Bidirectional Forwarding Detection for LDP LSPs

Bidirectional forwarding detection (BFD) for MPLS LSPs monitors the LSP between its LERs, irrespective of how many LSRs the LSP may traverse. This feature enables the detection of faults that are local to individual LSPs, irrespective of whether they also affect forwarding for other LSPs or IP packet flows. BFD for MPLS LSPs is ideal for monitoring LSPs that carry high-value services, and for which the quick detection of forwarding failures is critical. If an LSP BFD session goes down, the system raises an SNMP trap and indicates the BFD session state in the show and tools dump commands.
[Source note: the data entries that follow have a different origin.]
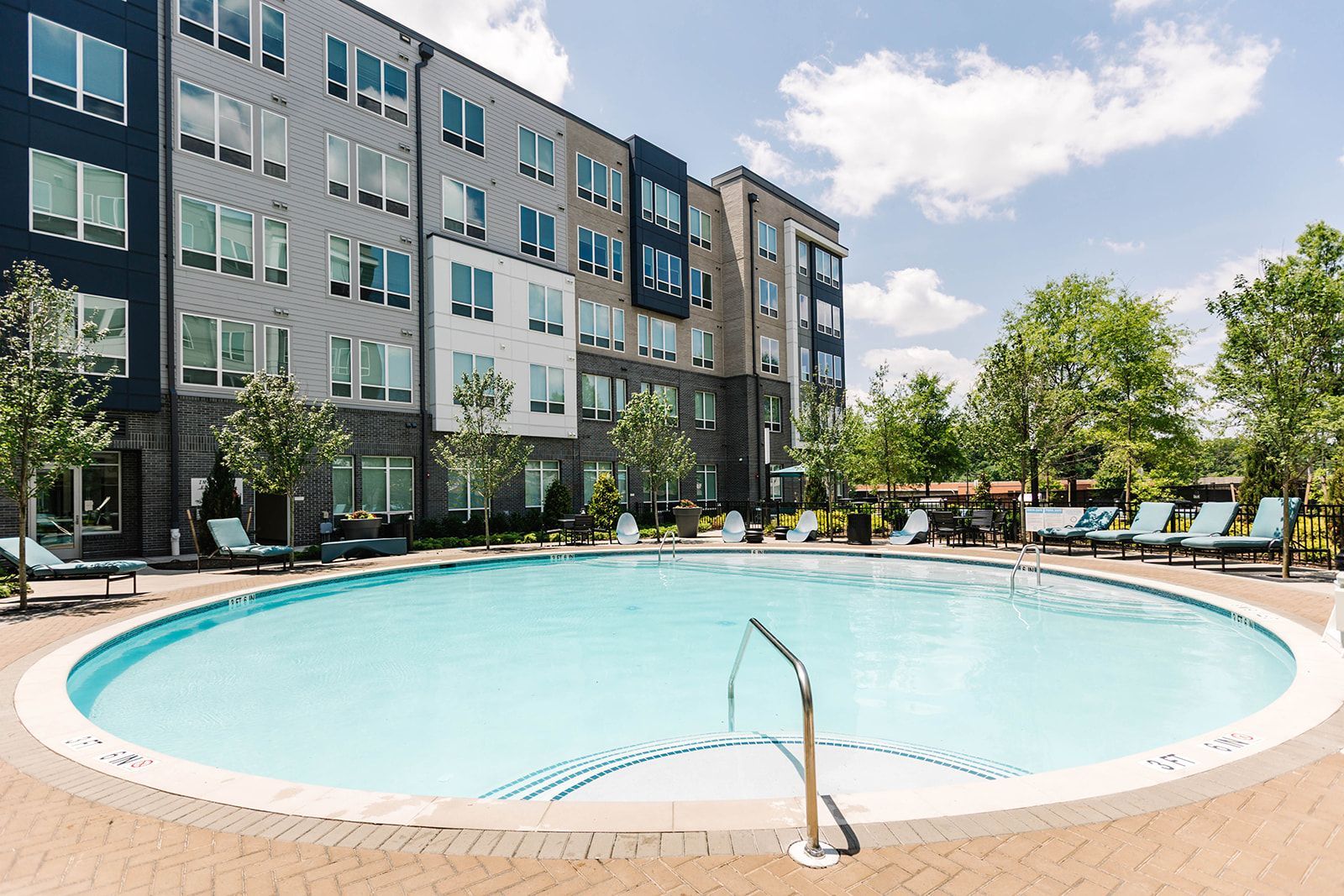 Swimming pool at Opal Largo Station in Largo, MD.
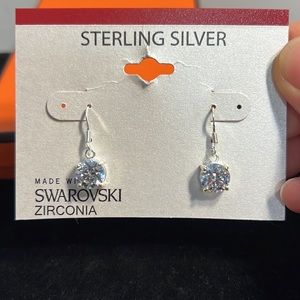 Swarovski Zirconia Sterling Silver earrings drop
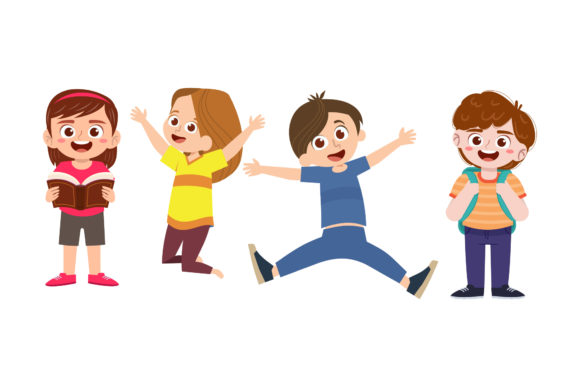 Download Family Illustration 4 Playing Kids - Playing kids Collection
SR OS supports LSP BFD on RSVP and LDP LSPs. See MPLS and RSVP for information about using LSP BFD on RSVP LSPs. BFD packets are encapsulated in an MPLS label stack corresponding to the FEC that the BFD session is associated with, as described in RFC 5884, Section 7. SR OS does not support the monitoring of multiple ECMP paths that are associated with the same LDP FEC which is using multiple LSP BFD sessions simultaneously. However, LSP BFD still provides continuity checking for paths associated with a target FEC. LDP provides a single path to LSP BFD, corresponding with the first resolved lower interface index next-hop, and the first resolved lower TID index for LDP-over-RSVP cases. The path may potentially change over the lifetime of the FEC, based on resolution changes. The system tracks the changing path and maintains the LSP BFD session.

Because LDP LSPs are unidirectional, a routed return path is used for the BFD control packets traveling from the egress LER to the ingress LER.